RESPECT FOR FUNDAMENTAL RIGHTS

1.9 The Commission says that the draft Directive has been subject to "in-depth scrutiny to ensure that its provisions are compatible with fundamental rights" and with the principle of proportionality. It highlights the following safeguards;[8]

  • the draft Directive complies with the 2008 Framework Decision on the protection of personal data processed for the purpose of police and judicial cooperation in criminal matters;
  • the scope of the draft Directive is "strictly limited and law enforcement authorities are allowed to use PNR data only for the purpose of combating an exhaustive list of specified serious crimes";
  • the creation and application of assessment criteria based on PNR data is limited to the identification of passengers who may be involved in terrorism or serious transnational crime;
  • the retention of PNR data is limited to five years, and the data must be anonymised after 30 days;
  • the collection and use of sensitive data revealing an individual's race or ethnic origin, religious or philosophical belief, political opinion, trade union membership, health or sexual life is prohibited;
  • decisions which have adverse legal effects or otherwise significantly affect an individual must not be taken solely on the basis of automated processing of PNR data;
  • Member States have no direct access to air carriers' IT systems;
  • the circumstances in which PNR data may be transferred to third countries are limited and must be determined case-by-case;
  • Member States are required to ensure that independent national data protection supervisory bodies can advise on and monitor the processing of PNR data;
  • each Passenger Information Unit is responsible for logging and documenting the processing of PNR data to ensure that compliance with data protection rules can be verified; and
  • air passengers must be informed about the collection of PNR data and their rights.

LEGAL BASE

1.10 The draft Directive is based on Articles 82(1)(d) and 87(2)(a) of the Treaty on the Functioning of the European Union (TFEU) which provide for EU measures to facilitate cooperation between judicial or equivalent authorities in Member States in relation to criminal matters and between police and other law enforcement services, including by means of the collection, storage, processing, analysis and exchange of relevant information.

The Government's view

1.11 The Minister of State for Immigration (Damian Green) says that the use of PNR data is "a proven and vital tool for the prevention and detection of serious crime and terrorism" and that the Government strongly supports an EU-wide PNR system. He believes that EU action is justified because:

"If Member States were to act in this area unilaterally, then this could lead to differing requirements being imposed on carriers across the EU. It could also frustrate the success of such a system if there is no clear legal basis for passenger data to be transferred from a carrier in one Member State to the passenger information unit in another Member State."[9]
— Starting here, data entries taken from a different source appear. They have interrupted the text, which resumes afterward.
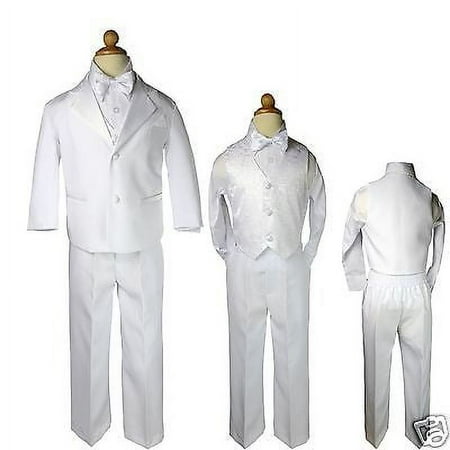 Infant Toddler Boy Formal Party white 5 pc Tuxedo Suit S M L XL 2T 3T 4T 5-20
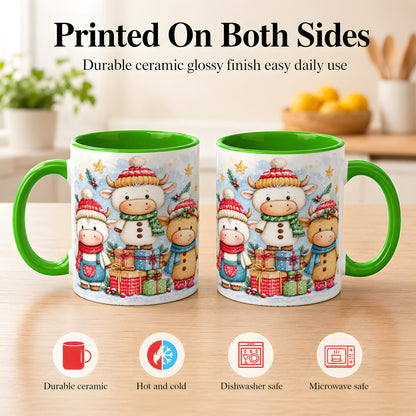 #pl[11oz|Green] Christmas Cow Coffee Mug, Watercolor Winter Calf Mug, Ceramic Cup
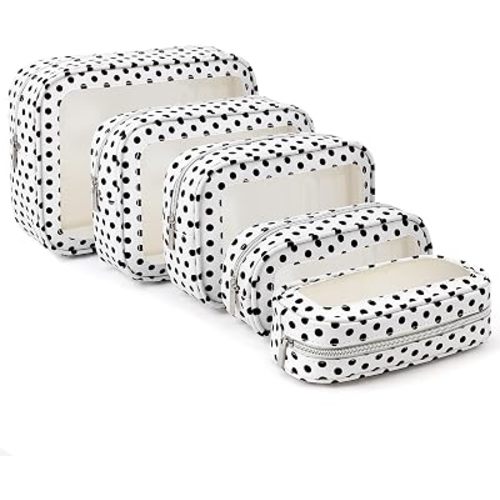 5PCS Diaper Bag Organizer Pouch Set, TSA Approved Toiletry Bag, Clear Waterproof Makeup Bag Set, Purse Organizer Pouches,Travel Organizer Bags for Women and Kids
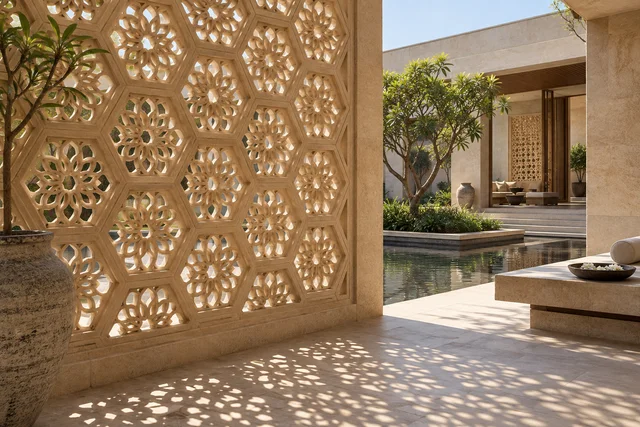 Floral sandstone jaali — Sandstone architectural design concept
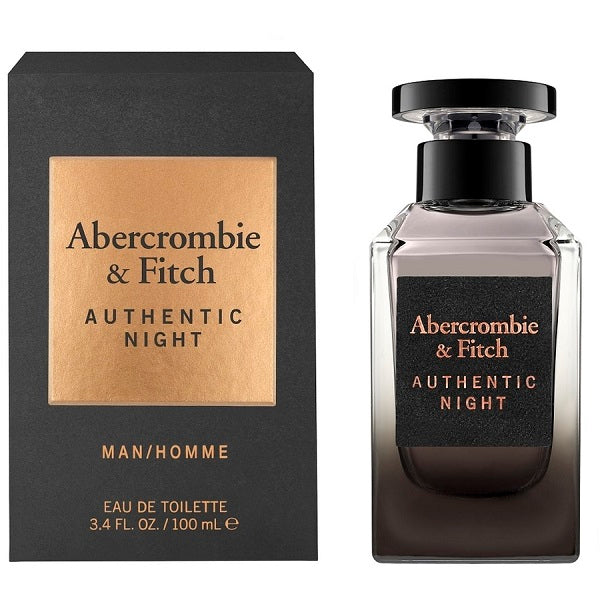 abercrombie & fitch authentic night 100ml edt spray (m)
1.12 He notes, however, that the draft Directive does not cover air travel between EU Member States and says that the Government

"strongly believes that the ability to collect and process PNR data on intra-EU travel flights is vital to improving security and fighting crime within the EU and beyond.

"The volume of journeys between Member States is three times greater than between Member States and third countries. A PNR system that provides cover only for travel to and from third countries would seriously limit Member States' ability to tackle criminal activity.

"Not collecting PNR on intra-EU routes—while at the same time collecting PNR on extra-EU routes—serves simply to displace rather than address the risk. This cannot be the intended consequence of a PNR Directive."[10]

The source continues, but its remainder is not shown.